- [The problem]
Starting at the line holding "Curtains T5 opaque, set for 5 windows" and finishing at the line holding "Bloubergstrand Apartment |", transcribe the material exactly, keeping both ends but no pictures.

- [Supplied information]
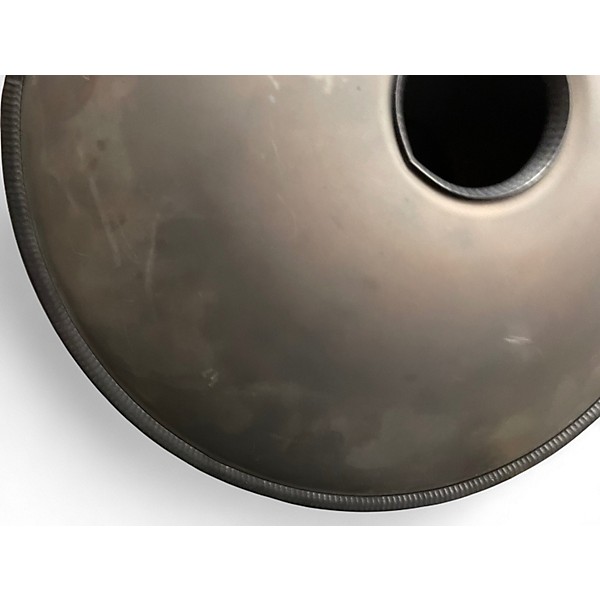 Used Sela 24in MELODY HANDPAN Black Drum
--
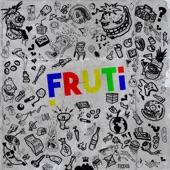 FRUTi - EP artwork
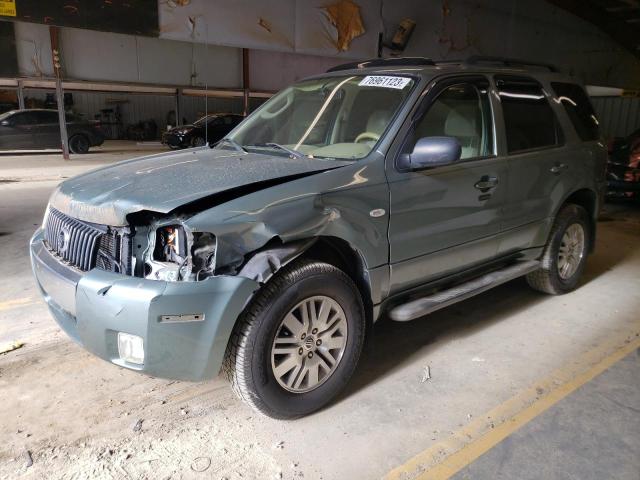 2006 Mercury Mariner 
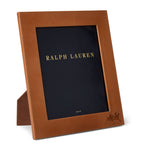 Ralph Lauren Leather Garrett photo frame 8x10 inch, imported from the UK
==
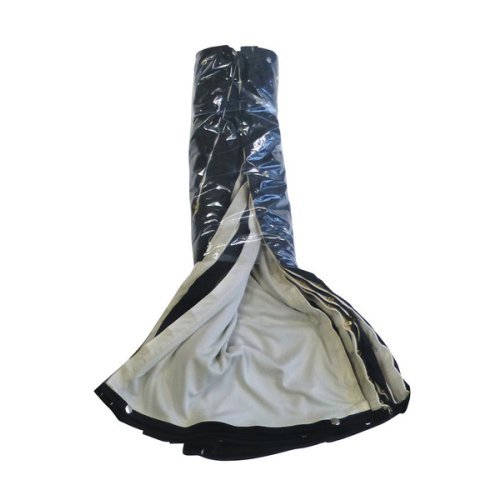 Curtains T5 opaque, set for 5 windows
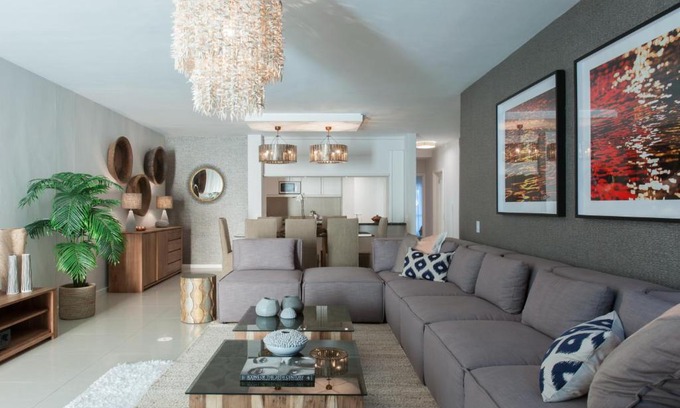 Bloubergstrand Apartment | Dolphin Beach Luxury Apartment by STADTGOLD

- [Completed exercise]
 Curtains T5 opaque, set for 5 windows
 Bloubergstrand Apartment | Dolphin Beach Luxury Apartment by STADTGOLD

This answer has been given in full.